La création de centres pour le retour envoie un message à l’extérieur : l’UE cherche à fermer ses portes. Et à l’intérieur, cela signale aux personnes en procédure de retour que, même si leur pays d’origine ne coopère pas, elles pourraient être envoyées ailleurs, dans un État tiers. Par exemple, une personne venant du Mali pourrait être renvoyée vers l’Ouganda, dans l’esprit de ce que souhaitent faire les Néerlandais. Reste à savoir si ces accords avec les pays tiers pourront vraiment être mis en place. Quels seront les droits des personnes ? Leur statut ? Tout cela demeure encore très flou.
Est-ce la consécration du modèle italien de gestion de l’immigration ?
L’accord entre l’Italie et l’Albanie n’a pas produit les résultats promis par le gouvernement italien. Il n’a pas conduit à des retours massifs. Il a seulement permis le transfert de quelques centaines de personnes vers les centres en Albanie.
Ce qui a été adopté lundi par les ministres de l’intérieur est différent : les deux accords sur le concept de pays tiers sûr et les centres de retour vont mener à de nouveaux modèles d’externalisation, avec différentes modalités de coopération et de financement. Il s’agit d’un système différent du système italien.
Les Vingt-Sept se sont aussi mis d’accord sur un nouveau système de répartition des demandeurs d’asile. Les autres États membres devront relocaliser des demandeurs sur leur sol ou verser une contribution financière de 20.000 euros par demandeur aux pays sous pression. Est-ce que ce mécanisme vous paraît efficace ?
C’est la traduction directe de la solidarité telle qu’elle est prévue par le Pacte asile et immigration. Il s’agit du compromis trouvé après que la relocalisation obligatoire a été jugée inacceptable par certains États membres. Le système retenu est plus flexible : les États peuvent contribuer financièrement plutôt que de relocaliser des personnes migrantes. Concrètement, un demandeur d’asile relève du pays de première entrée, mais la Commission a estimé que certains États étant sous pression, les autres doivent leur témoigner de la solidarité.

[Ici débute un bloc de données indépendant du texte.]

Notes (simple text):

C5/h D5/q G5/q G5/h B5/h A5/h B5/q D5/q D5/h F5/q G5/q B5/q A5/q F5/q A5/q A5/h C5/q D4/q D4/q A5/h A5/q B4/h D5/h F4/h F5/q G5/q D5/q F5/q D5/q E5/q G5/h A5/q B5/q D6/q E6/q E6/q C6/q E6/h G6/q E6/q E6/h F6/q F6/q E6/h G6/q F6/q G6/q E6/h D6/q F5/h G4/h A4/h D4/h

Mais des États comme la Hongrie ont déjà déclaré qu’ils ne contribueraient pas. La question est donc : que se passe-t-il alors ? Est-ce que la Commission mettra en place des sanctions ? Quels sont les risques d’entraîner une instrumentalisation encore plus importante sur ce sujet ?
Quelle est la position de la France sur la gestion de l’immigration par des pays tiers ?
Une majorité d’États membres défend ces « modèles innovants », mais l’Espagne et la France sont très sceptiques. Par exemple, en ce qui concerne les centres pour le retour, certains considèrent qu’il vaut mieux renforcer les relations au niveau bilatéral pour améliorer la coopération sur la réadmission, plutôt que de passer par des États tiers. Ces modèles feront désormais l’objet de projets pilotes : la question est de savoir s’ils donneront les résultats escomptés, et si d’autres États les adopteront ensuite.
L’année dernière, les arrivées dans l’UE ont baissé d’environ 20 %. Est-ce dû aux politiques européennes ou au contexte international ?
C’est un peu tout ça. Les chiffres fluctuent en fonction de la situation internationale, de celle des pays de premier accueil, où beaucoup ont cherché refuge. Cela dépend aussi des réseaux de passeurs, de leur capacité à opérer, de la situation économique dans l’UE — y a-t-il des emplois disponibles ? — et de la coopération avec les pays aux frontières de l’Europe. La Tunisie, par exemple, a durci sa politique envers les ressortissants d’Afrique subsaharienne, ce qui a réduit les départs vers l’UE ces derniers mois.
Ce que ce paquet de mesures veut envoyer comme message est clair : « Si vous venez de manière irrégulière, ce sera compliqué pour vous de rester ».
Quelle est la suite de la procédure ?
Il y a un accord au Conseil, ce sera ensuite au Parlement. C’est un succès pour la présidence danoise, qui a réussi à obtenir ces accords sur différents dossiers. Il y a eu beaucoup de discussions les mois précédents, un gros travail a été fait.
C’est une victoire de la droite et de l’extrême droite, mais aussi de partis centristes tel que le parti social-démocrate danois. C’est la victoire d’un positionnement de fermeture des frontières et de dispositifs visant à dissuader les étrangers de venir dans l’UE.